Ahead of a major court hearing late next month, attorneys representing the sex offenders filed a long list of proposed reforms that would lead to the development of more community-based treatment programs and the expedited release of many of the 720 offenders locked up indefinitely at secure treatment centers in Moose Lake and St. Peter.

The proposed remedies would move Minnesota’s system closer to those in the 19 other states that also detain offenders after they have completed their prison terms. The reforms would give detainees the right to petition the courts for release, for example, and require the state to conduct regular evaluations to ensure that offenders are still dangerous enough to be locked up.

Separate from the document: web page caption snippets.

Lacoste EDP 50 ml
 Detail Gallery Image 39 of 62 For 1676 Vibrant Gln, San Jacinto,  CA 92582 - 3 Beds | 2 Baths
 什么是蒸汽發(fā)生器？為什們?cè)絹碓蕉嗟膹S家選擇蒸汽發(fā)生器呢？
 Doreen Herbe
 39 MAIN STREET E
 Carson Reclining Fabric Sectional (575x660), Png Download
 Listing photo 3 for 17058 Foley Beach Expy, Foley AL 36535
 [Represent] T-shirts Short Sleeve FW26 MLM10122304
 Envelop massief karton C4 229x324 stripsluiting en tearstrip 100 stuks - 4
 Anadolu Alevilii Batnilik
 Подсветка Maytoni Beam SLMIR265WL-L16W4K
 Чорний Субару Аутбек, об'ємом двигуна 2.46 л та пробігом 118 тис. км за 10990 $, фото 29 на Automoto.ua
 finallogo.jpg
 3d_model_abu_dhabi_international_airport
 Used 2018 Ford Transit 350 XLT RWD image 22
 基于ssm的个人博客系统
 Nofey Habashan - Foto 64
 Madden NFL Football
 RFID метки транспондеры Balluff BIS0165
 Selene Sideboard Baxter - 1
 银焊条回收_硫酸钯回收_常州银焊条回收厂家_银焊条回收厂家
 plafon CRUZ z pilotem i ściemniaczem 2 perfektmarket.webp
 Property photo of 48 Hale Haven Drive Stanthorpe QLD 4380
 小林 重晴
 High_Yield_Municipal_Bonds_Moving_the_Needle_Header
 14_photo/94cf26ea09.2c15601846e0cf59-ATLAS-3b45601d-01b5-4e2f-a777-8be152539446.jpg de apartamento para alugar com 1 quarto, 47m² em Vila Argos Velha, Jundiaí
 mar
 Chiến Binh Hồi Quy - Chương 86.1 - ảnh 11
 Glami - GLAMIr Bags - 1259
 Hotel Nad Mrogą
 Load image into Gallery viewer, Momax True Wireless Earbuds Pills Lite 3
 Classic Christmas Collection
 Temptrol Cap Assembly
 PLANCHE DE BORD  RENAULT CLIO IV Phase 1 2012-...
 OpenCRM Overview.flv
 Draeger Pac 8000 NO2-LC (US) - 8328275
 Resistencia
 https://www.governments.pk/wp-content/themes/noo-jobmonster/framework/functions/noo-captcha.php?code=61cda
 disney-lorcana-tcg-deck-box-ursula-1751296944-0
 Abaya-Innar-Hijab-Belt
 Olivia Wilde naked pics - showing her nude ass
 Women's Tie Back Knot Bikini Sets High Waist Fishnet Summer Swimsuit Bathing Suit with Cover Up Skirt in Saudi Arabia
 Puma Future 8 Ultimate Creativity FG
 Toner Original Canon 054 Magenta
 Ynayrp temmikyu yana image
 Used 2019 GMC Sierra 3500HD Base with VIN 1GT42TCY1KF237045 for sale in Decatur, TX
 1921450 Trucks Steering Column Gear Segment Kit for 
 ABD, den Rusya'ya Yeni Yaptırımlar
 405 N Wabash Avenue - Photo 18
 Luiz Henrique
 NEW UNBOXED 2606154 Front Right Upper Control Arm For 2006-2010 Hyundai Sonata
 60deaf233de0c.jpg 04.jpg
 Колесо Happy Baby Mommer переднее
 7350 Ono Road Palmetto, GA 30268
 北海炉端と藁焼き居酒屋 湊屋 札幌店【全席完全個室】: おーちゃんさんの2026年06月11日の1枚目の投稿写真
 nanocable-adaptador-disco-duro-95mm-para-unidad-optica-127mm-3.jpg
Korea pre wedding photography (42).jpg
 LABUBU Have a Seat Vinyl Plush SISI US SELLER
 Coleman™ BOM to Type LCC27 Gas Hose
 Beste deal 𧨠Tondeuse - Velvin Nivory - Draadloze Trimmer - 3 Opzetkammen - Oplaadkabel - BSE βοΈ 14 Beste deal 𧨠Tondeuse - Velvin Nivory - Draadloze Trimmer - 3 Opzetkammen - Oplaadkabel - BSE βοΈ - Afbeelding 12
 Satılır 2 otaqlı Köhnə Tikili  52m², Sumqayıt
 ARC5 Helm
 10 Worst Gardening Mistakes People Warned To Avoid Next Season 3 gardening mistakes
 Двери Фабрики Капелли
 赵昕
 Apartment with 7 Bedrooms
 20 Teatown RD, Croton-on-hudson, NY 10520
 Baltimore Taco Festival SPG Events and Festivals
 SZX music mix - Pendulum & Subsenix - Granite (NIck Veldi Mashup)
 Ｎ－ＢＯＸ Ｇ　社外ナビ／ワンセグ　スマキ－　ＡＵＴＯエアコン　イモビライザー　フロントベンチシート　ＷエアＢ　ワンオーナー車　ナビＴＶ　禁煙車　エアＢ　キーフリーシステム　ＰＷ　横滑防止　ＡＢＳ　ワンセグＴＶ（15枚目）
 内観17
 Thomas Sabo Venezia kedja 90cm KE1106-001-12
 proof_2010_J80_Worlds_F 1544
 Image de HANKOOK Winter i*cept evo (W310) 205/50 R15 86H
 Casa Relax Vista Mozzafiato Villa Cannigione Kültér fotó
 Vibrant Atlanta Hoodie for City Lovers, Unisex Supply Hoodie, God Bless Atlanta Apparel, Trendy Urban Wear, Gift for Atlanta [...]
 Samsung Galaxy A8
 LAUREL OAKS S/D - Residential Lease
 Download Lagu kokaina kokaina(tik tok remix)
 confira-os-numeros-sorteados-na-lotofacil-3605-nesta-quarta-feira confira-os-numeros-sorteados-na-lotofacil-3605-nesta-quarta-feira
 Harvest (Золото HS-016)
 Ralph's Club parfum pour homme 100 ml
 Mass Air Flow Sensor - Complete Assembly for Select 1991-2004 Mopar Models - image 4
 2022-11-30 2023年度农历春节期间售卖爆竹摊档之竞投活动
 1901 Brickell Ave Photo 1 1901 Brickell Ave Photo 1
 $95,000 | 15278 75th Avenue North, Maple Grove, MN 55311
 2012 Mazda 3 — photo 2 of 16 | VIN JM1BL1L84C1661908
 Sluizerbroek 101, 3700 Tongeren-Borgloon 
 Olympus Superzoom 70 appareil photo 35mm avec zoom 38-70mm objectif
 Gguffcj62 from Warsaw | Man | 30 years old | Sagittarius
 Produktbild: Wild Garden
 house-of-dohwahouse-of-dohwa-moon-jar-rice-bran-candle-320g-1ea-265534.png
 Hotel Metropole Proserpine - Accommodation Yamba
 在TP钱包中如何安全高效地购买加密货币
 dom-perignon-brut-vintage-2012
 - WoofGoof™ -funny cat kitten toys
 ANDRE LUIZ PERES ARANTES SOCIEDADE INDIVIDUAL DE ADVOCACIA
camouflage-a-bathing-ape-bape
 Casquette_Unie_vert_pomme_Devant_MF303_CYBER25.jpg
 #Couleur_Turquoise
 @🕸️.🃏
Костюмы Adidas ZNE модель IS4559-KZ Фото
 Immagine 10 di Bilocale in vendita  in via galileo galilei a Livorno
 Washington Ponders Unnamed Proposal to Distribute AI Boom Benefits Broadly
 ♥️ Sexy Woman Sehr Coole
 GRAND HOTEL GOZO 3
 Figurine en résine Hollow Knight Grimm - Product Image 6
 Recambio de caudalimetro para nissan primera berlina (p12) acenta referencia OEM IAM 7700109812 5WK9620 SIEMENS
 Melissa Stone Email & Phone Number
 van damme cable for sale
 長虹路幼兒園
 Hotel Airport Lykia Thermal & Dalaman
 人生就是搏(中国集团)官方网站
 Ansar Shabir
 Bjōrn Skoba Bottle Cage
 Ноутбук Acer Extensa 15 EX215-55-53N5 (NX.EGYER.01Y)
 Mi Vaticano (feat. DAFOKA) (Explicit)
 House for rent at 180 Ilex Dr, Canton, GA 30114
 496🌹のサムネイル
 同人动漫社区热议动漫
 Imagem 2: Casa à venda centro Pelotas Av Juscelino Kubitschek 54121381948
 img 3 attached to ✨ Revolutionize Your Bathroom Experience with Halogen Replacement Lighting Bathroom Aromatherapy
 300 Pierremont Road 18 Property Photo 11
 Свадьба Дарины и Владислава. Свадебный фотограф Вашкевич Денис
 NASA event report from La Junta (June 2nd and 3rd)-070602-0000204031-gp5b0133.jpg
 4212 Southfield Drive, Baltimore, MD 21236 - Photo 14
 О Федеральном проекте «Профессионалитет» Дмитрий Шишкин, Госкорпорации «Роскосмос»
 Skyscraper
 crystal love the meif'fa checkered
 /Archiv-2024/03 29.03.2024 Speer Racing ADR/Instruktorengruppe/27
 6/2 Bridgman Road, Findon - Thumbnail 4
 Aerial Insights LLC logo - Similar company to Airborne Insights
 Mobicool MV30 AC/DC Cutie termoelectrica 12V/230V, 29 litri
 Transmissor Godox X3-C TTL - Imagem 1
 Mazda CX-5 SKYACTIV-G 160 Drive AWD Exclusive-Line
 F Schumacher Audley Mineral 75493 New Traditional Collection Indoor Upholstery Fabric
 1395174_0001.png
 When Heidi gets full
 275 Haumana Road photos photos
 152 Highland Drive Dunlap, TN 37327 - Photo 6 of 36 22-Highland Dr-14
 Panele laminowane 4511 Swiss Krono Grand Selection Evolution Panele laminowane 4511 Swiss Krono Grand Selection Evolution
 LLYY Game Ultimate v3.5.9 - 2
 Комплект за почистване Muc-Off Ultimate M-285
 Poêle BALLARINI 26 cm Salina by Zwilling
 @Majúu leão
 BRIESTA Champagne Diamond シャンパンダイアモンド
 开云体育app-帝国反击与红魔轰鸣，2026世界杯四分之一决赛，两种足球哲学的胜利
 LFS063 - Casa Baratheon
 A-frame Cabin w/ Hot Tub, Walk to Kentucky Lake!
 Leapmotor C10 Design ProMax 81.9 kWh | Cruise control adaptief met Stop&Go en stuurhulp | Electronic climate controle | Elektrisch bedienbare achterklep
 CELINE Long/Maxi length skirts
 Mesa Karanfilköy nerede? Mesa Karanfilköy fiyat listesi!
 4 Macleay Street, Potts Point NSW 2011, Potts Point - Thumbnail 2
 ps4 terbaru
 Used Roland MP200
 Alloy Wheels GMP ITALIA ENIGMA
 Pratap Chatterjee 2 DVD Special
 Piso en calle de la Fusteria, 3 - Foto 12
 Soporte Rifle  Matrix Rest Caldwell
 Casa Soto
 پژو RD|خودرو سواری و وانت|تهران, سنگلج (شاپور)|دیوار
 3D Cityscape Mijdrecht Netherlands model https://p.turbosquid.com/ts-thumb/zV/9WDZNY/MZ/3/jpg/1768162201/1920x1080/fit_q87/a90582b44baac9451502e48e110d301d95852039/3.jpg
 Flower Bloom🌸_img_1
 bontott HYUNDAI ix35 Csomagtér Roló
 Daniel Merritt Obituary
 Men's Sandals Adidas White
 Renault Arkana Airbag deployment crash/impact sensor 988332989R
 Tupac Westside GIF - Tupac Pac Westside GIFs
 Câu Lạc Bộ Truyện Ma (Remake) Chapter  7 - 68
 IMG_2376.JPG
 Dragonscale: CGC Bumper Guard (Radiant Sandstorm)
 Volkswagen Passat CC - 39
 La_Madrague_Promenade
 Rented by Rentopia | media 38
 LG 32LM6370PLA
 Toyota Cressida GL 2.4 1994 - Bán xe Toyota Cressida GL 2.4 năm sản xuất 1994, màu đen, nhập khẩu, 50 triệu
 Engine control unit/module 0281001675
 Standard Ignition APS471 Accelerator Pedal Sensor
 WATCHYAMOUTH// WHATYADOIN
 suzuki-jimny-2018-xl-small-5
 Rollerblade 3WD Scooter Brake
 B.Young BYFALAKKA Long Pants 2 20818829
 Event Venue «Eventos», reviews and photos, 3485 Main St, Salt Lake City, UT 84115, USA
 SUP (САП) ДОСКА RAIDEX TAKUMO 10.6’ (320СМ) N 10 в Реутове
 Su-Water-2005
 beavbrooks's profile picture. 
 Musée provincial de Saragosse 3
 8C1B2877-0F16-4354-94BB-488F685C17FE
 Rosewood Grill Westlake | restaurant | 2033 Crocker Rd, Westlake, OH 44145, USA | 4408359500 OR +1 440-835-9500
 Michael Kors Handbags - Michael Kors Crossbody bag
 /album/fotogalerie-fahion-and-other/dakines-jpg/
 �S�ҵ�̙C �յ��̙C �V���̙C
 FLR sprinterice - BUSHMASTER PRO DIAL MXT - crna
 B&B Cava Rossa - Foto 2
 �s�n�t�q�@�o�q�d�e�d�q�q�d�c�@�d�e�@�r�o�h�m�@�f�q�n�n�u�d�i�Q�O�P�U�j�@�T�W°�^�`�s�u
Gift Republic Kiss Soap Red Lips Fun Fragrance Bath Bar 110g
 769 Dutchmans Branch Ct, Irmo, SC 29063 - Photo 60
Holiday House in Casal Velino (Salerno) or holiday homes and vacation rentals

Last week, Judge Donovan Frank of the U.S. District Court in St. Paul ordered both sides in a prolonged, four-year court case to come up with proposals to correct systemic problems with the MSOP.

Though Frank warned of a “more forceful solution” if state leaders failed to implement changes, attorneys for the state surprised legal observers by declining to offer any ideas for reform. In a letter last Friday to the court, the state attorney general’s office said that it considers the program constitutional and that it would only respond to remedies sought by the sex offenders. A hearing on the proposed remedies is set for Sept. 30.

The one-sided response to the judge’s order means the state will have limited say in any changes imposed by Frank, who has called the program “clearly broken” and “draconian.”

“It’s unfortunate that the state is taking this position,” said Eric Janus, a professor at the William Mitchell College of Law who served on a state task force that recommended sweeping changes to the program in 2013. “They have put themselves in a defensive posture and are, by doing so, giving up a real opportunity to help shape the future of this program.”

Many of the changes sought by offenders, and laid out in their filing Wednesday, have been contemplated for years, and many have been suggested by various task forces and outside experts consulted by the state.

The number of people committed to the MSOP soared in the mid-2000s, in the wake of the 2003 kidnapping and murder of college student Dru Sjodin by a convicted sex offender.

The program was unprepared for this drastic increase in population; the lack of treatment alternatives in the community meant hundreds of offenders got stuck in treatment and lost hope of ever getting released.

Minnesota now confines more sex offenders per capita than any other state, and only four offenders have been conditionally discharged from the MSOP in its 20-year history. To date, no one has been unconditionally released from the program, leading to charges that it amounts to unconstitutional permanent detention.

In the filing Wednesday, attorneys for offenders proposed nearly 20 specific reforms, including some that have been suggested by Frank. These include annual independent risk assessments for all detainees to determine whether they still meet the legal criteria for confinement; the creation of less-restrictive treatment facilities in the community, and ongoing external review of the MSOP’s treatment program.

Attorneys for offenders also have proposed that civilly committed offenders have the right to petition the courts at any time for discharge or a reduction in custody and that hearings on these cases be streamlined and heard in a timely manner. Currently, offenders must petition to two separate boards, which critics say results in bureaucratic delays in discharge decisions.